• **ABOUT THIS EXERCISE**
Once the line containing "Hello and welcome." is found in the records below, return it and each following line exactly, up to and including the line containing "If you're having", and nothing else.

• **THE RECORDS**
####################
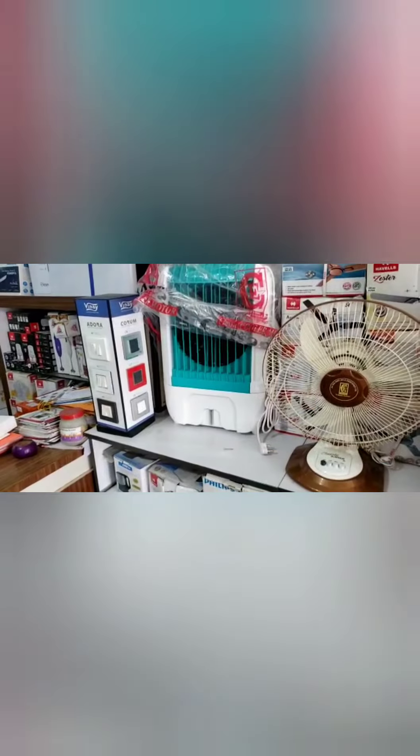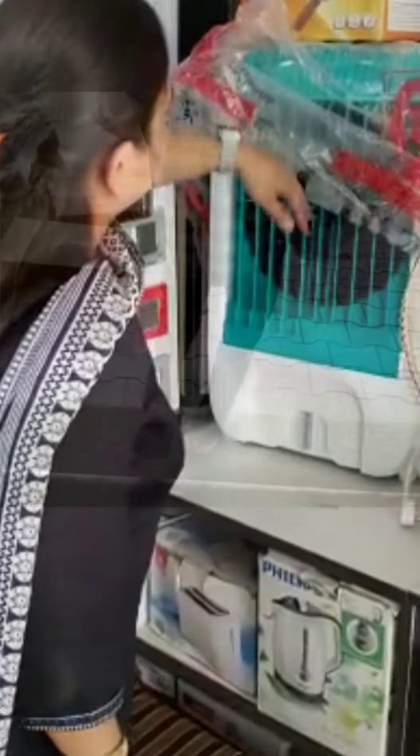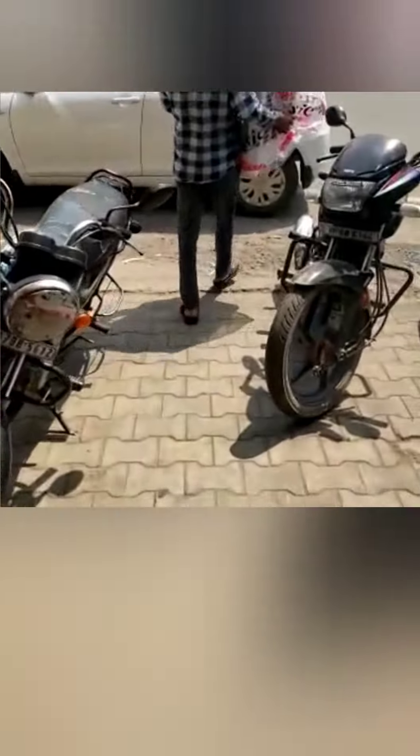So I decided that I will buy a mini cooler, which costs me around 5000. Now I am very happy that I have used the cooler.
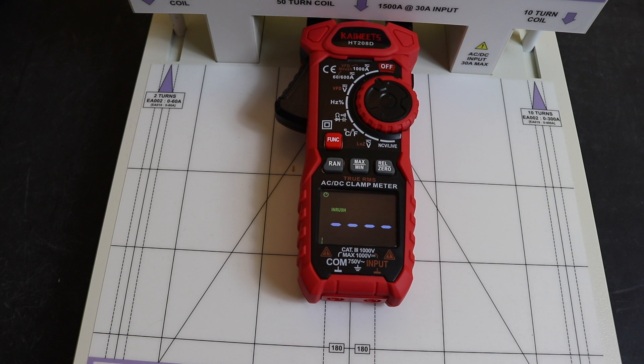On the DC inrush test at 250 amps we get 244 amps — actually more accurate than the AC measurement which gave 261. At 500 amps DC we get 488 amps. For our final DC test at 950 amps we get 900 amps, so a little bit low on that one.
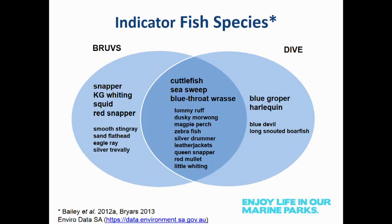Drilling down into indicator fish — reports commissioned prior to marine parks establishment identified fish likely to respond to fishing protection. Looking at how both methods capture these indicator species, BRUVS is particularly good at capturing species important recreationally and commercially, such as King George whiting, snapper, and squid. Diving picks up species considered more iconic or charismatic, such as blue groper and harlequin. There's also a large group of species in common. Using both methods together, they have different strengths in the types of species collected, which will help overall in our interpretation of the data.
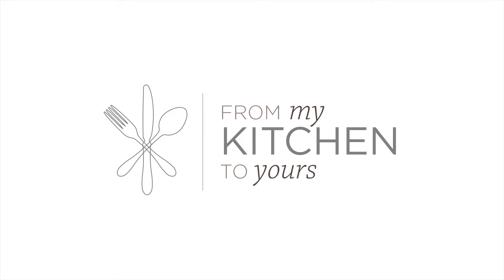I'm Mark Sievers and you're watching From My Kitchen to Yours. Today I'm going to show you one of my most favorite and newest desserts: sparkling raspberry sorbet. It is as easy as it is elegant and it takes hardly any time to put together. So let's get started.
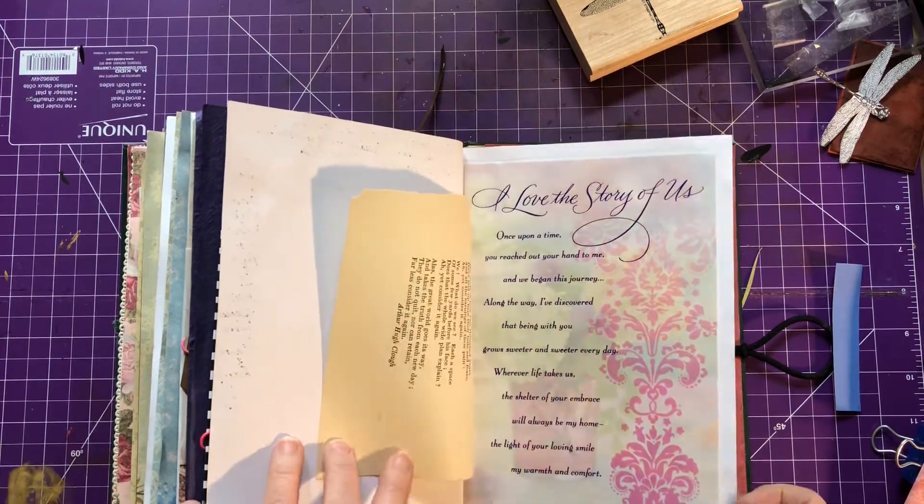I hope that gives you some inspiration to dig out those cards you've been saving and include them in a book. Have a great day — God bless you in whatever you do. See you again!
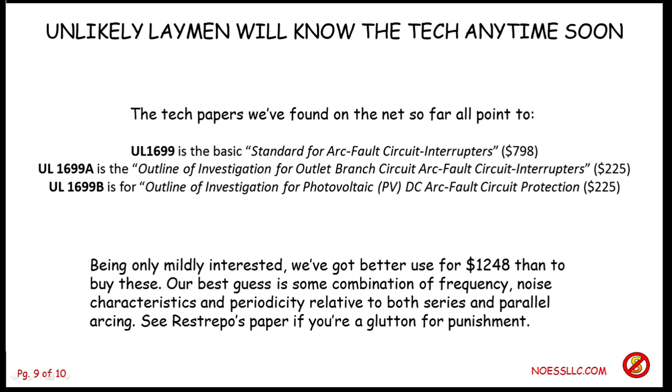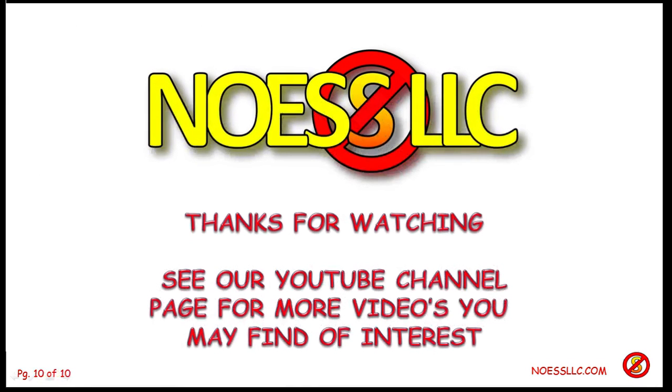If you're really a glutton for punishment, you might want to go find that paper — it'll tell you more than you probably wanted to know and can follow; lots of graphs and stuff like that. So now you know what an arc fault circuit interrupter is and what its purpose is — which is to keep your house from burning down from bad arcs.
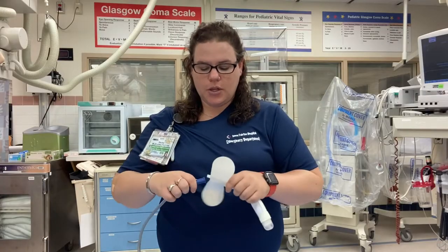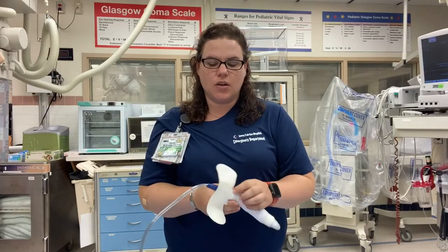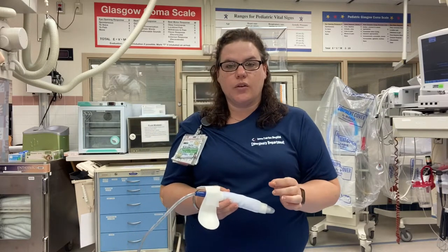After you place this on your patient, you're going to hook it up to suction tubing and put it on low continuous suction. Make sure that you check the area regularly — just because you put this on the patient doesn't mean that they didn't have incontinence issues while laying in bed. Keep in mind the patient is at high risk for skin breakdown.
####################
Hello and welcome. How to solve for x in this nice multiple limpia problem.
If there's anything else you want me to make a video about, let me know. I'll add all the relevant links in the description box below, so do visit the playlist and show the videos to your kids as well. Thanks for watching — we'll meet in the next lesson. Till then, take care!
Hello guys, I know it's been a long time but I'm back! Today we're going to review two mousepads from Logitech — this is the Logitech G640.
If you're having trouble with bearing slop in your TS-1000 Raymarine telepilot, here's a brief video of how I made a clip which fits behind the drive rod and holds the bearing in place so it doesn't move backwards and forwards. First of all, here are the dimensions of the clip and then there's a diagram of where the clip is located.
####################
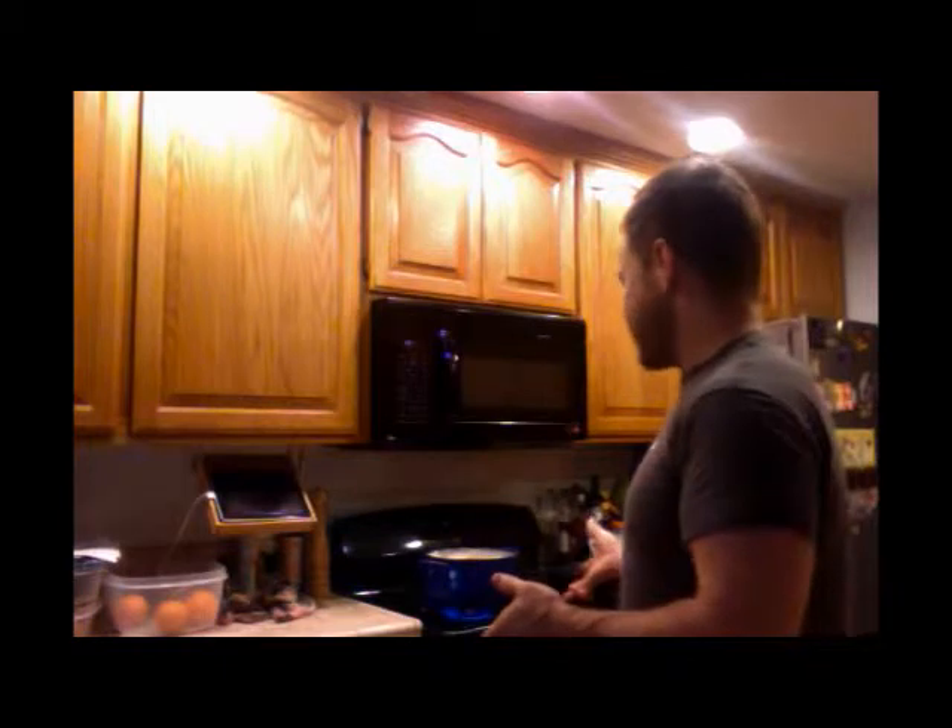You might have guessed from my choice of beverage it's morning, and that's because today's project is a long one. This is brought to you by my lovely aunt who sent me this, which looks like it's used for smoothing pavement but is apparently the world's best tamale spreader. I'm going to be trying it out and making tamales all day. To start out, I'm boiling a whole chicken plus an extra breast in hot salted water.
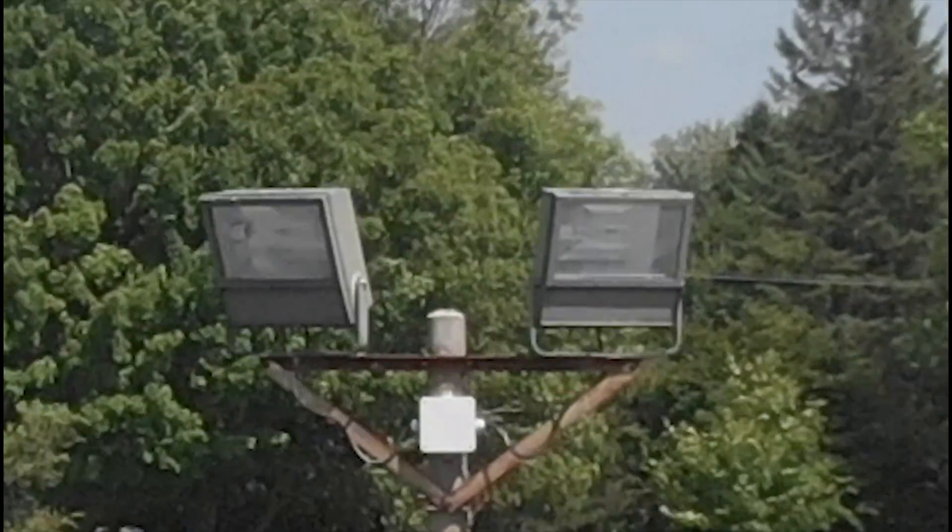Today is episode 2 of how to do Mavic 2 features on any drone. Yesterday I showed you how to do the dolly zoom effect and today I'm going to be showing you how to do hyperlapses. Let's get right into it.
####################
• **OUTPUT**
Hello and welcome. How to solve for x in this nice multiple limpia problem.
If there's anything else you want me to make a video about, let me know. I'll add all the relevant links in the description box below, so do visit the playlist and show the videos to your kids as well. Thanks for watching — we'll meet in the next lesson. Till then, take care!
Hello guys, I know it's been a long time but I'm back! Today we're going to review two mousepads from Logitech — this is the Logitech G640.
If you're having trouble with bearing slop in your TS-1000 Raymarine telepilot, here's a brief video of how I made a clip which fits behind the drive rod and holds the bearing in place so it doesn't move backwards and forwards. First of all, here are the dimensions of the clip and then there's a diagram of where the clip is located.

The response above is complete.